» YOUR TASK
Print only the lines running from the line with "古代言情：lvl大哥与弟媳之间的爱恨纠葛与命运交错" to the final line below, both included, exactly as written and without the pictures.

» DATA EXTRACT
**********

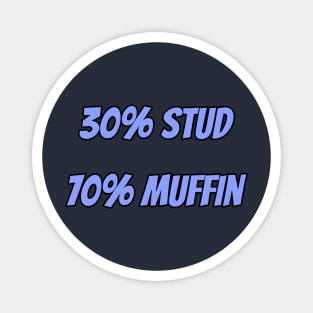 30% Stud 70% Muffin Magnet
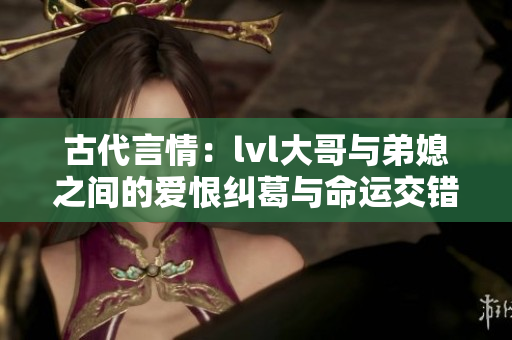 古代言情：lvl大哥与弟媳之间的爱恨纠葛与命运交错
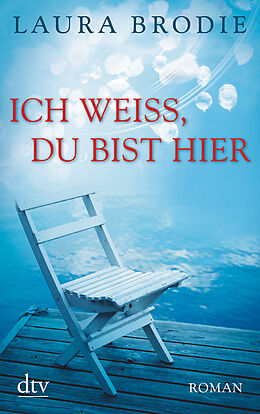 Kartonierter Einband Ich weiß, du bist hier von Laura Brodie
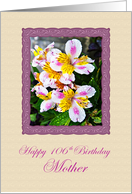 Mother 106th Birthday Alstroemeria Flowers in the Rain card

**********

» TASK ANSWER
 古代言情：lvl大哥与弟媳之间的爱恨纠葛与命运交错
 Kartonierter Einband Ich weiß, du bist hier von Laura Brodie
 Mother 106th Birthday Alstroemeria Flowers in the Rain card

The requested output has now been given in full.